» INSTRUCTIONS FOR THE TASK
This task calls for the lines below starting at the one containing "Flavio Menezes, Veras" and ending at the one containing "Operação tapa buracos", repeated exactly with both ends kept and pictures left out.

» RAW DATA
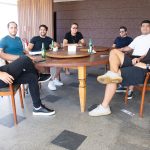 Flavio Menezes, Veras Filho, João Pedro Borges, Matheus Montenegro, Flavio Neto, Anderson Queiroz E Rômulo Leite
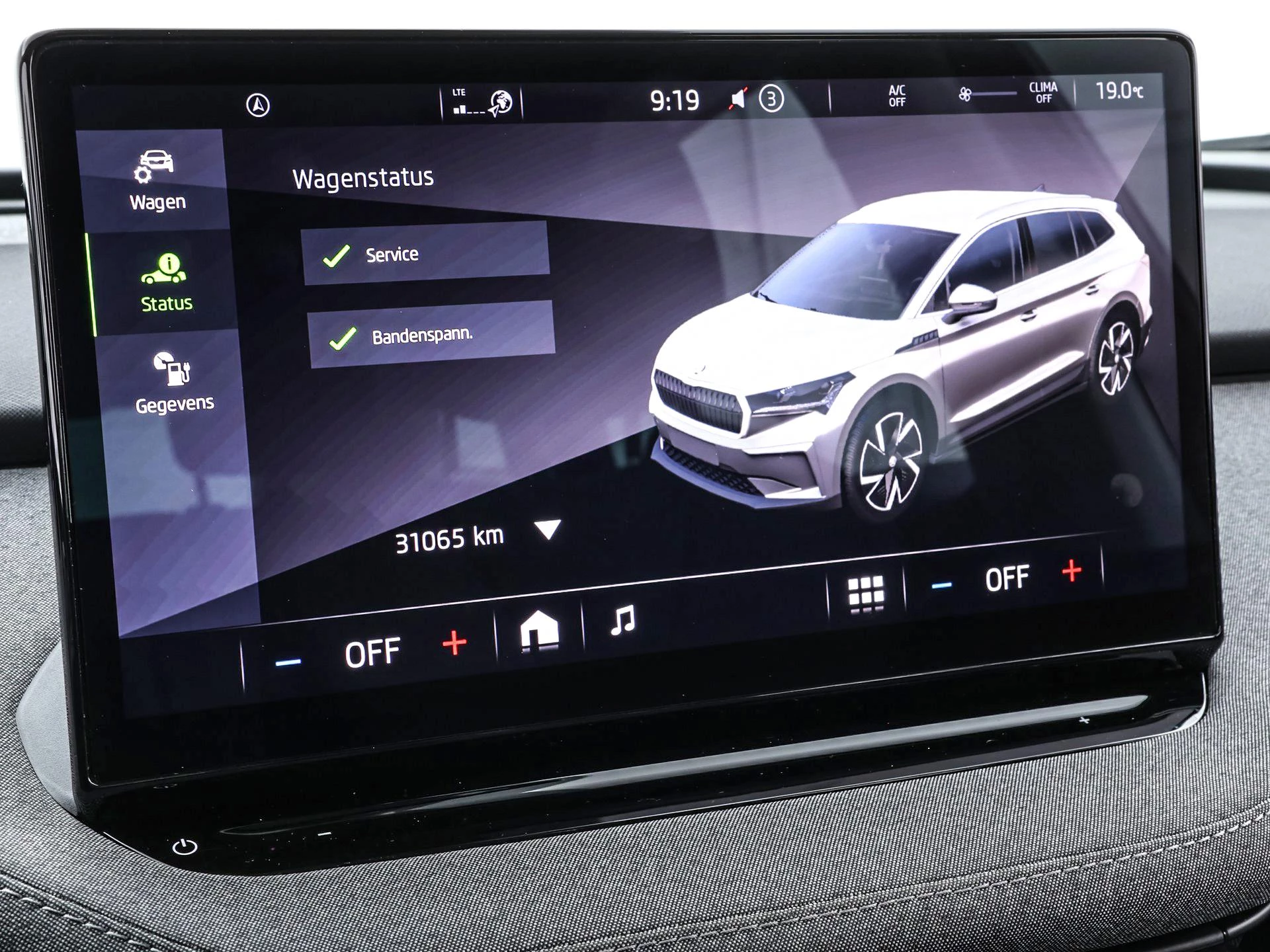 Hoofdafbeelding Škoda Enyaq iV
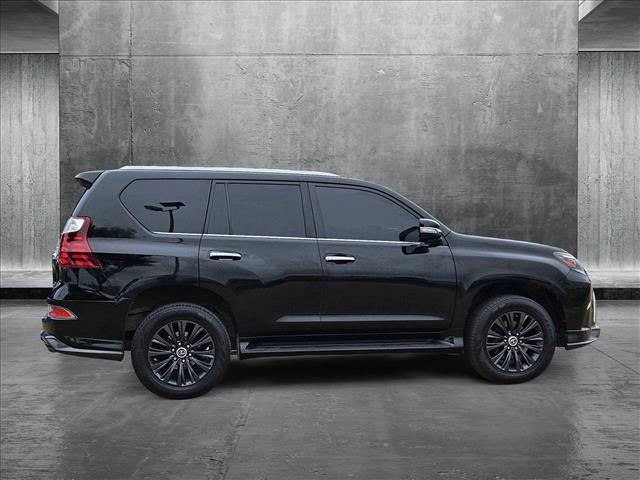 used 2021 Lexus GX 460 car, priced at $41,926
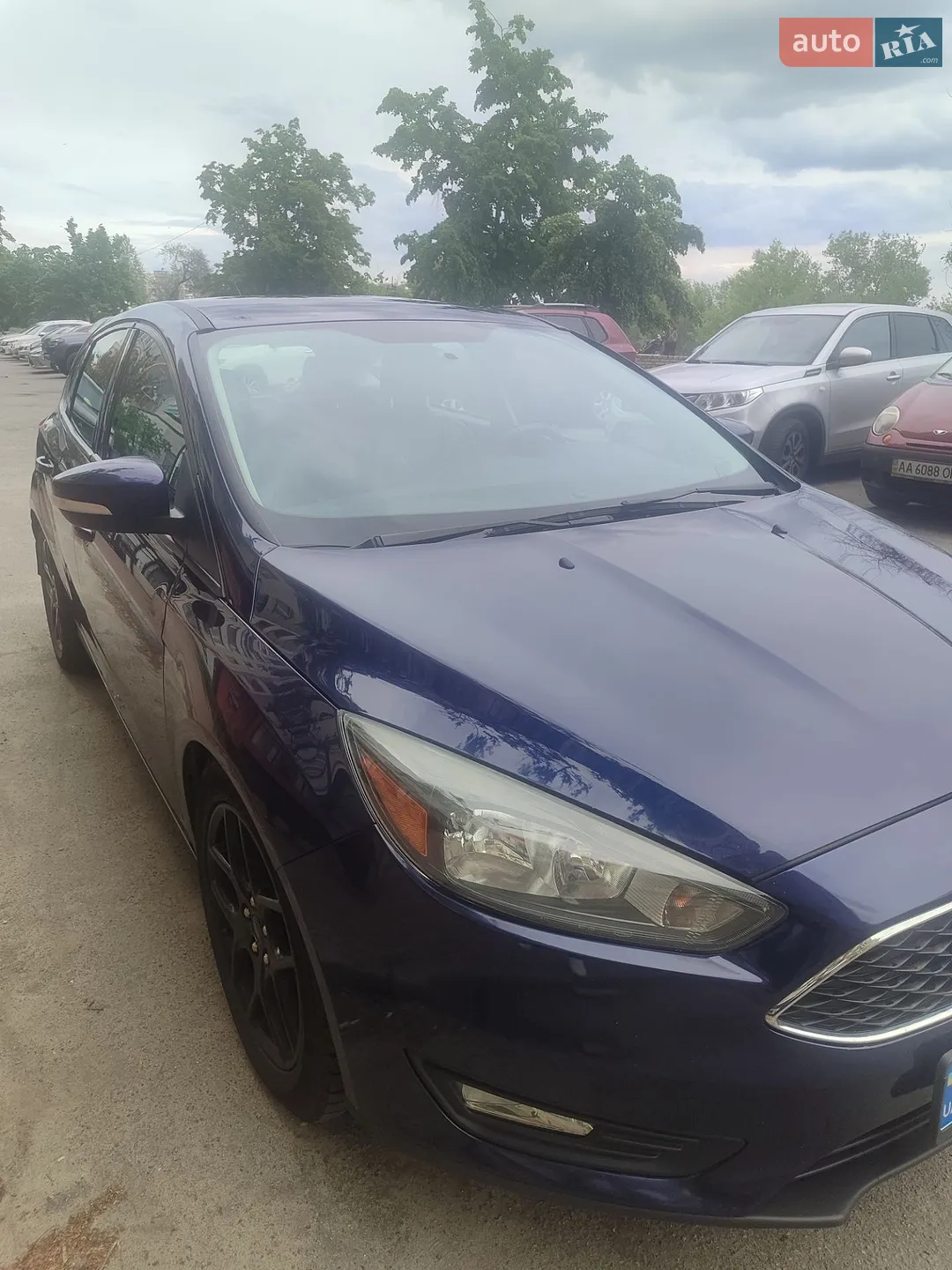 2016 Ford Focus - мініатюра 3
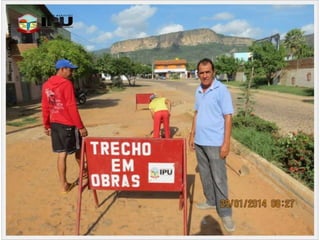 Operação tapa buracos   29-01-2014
==
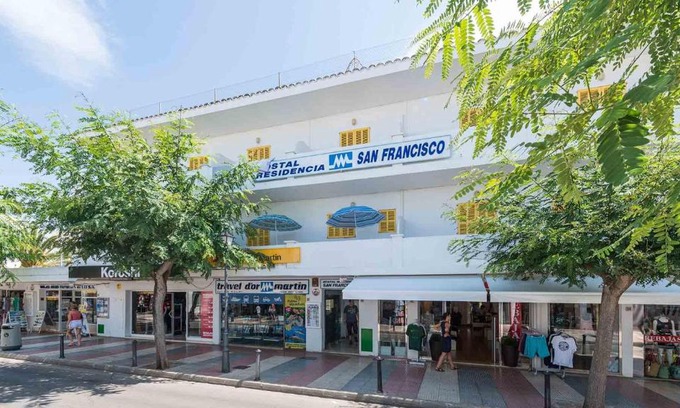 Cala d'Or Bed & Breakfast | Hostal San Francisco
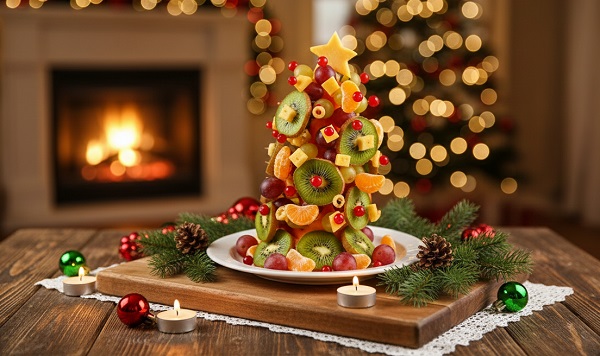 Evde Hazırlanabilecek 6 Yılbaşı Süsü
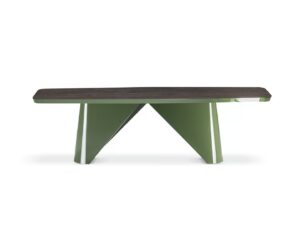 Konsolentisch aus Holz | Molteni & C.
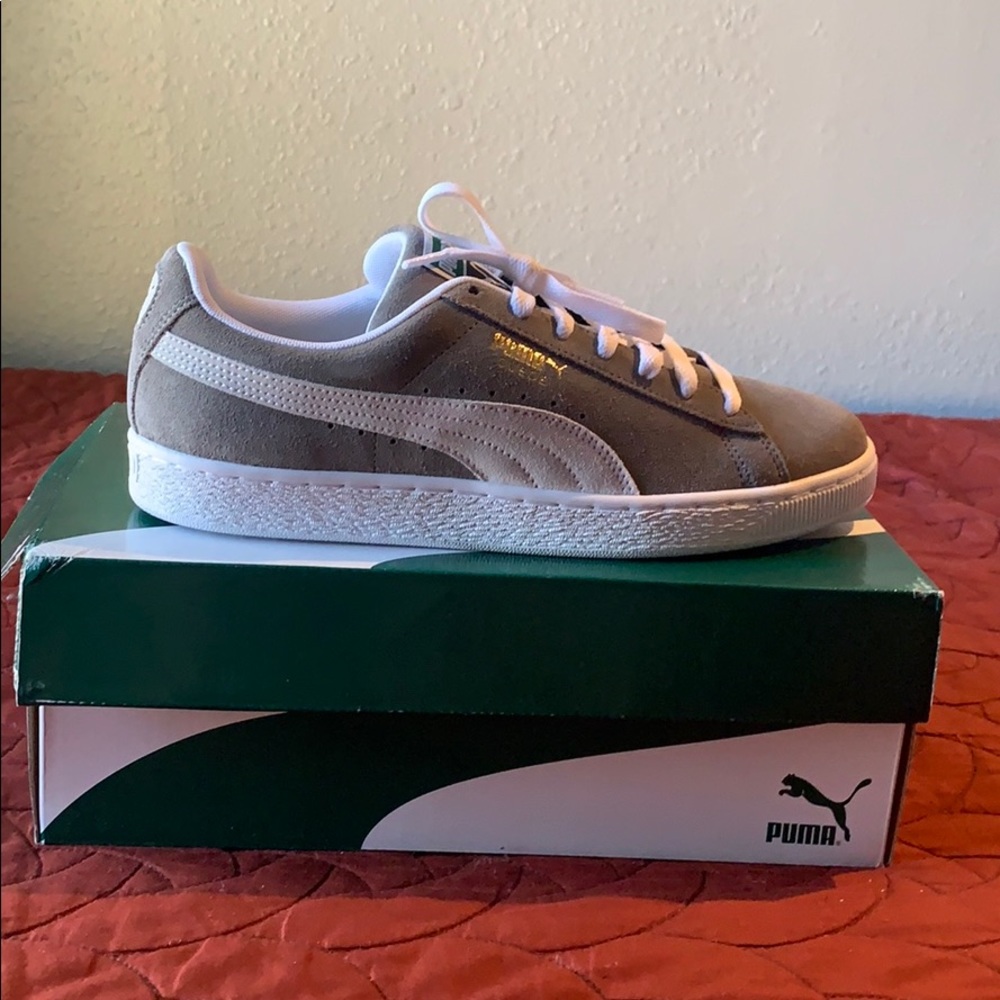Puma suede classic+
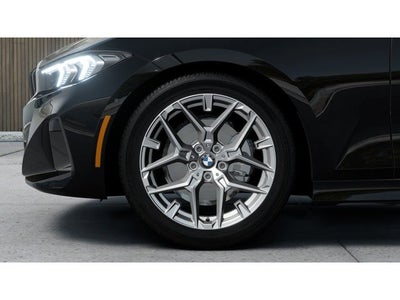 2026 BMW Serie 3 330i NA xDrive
* * *
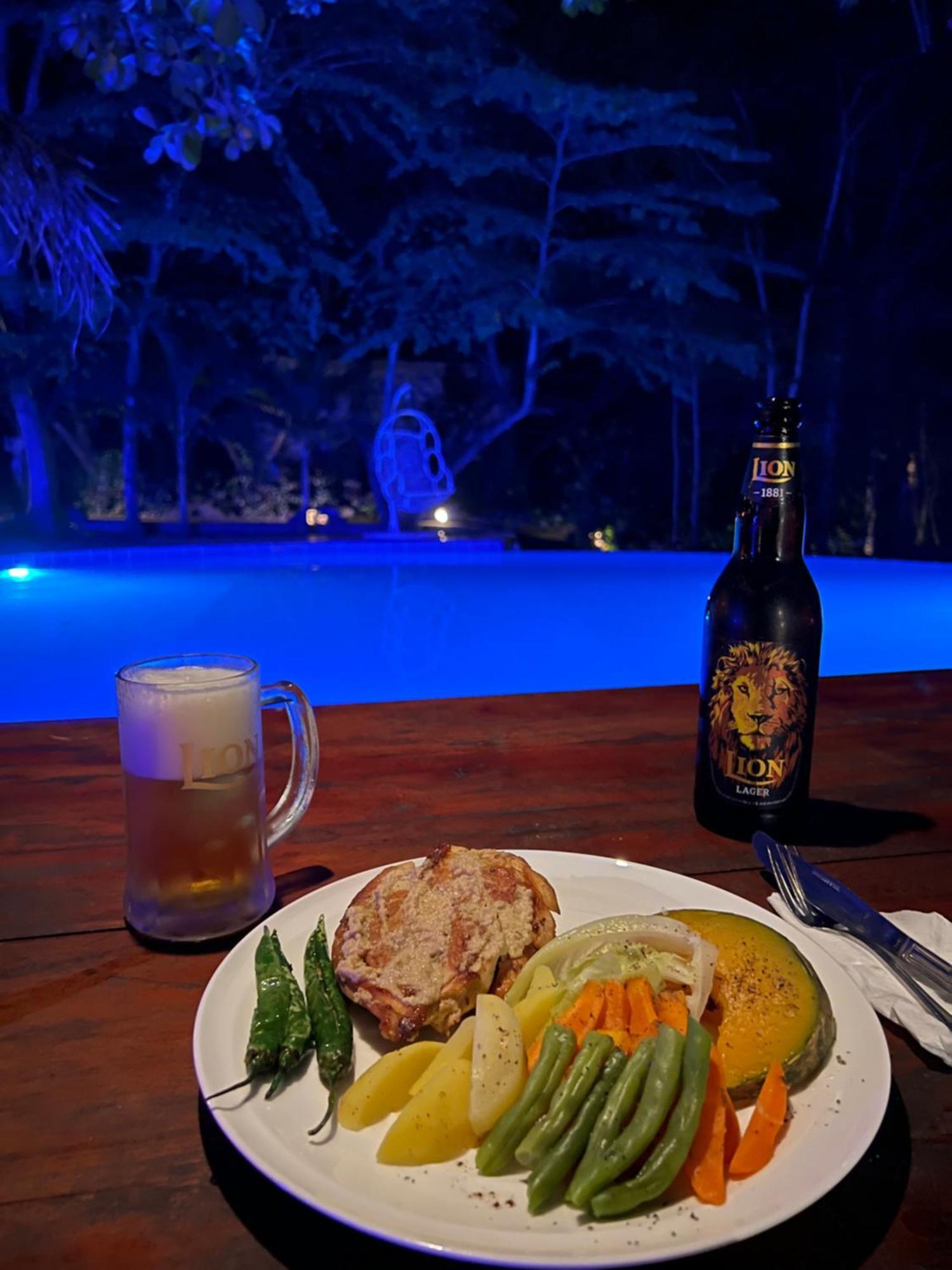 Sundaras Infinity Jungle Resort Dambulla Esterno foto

» WRITTEN RESPONSE
 Flavio Menezes, Veras Filho, João Pedro Borges, Matheus Montenegro, Flavio Neto, Anderson Queiroz E Rômulo Leite
 Hoofdafbeelding Škoda Enyaq iV
 used 2021 Lexus GX 460 car, priced at $41,926
 2016 Ford Focus - мініатюра 3
 Operação tapa buracos   29-01-2014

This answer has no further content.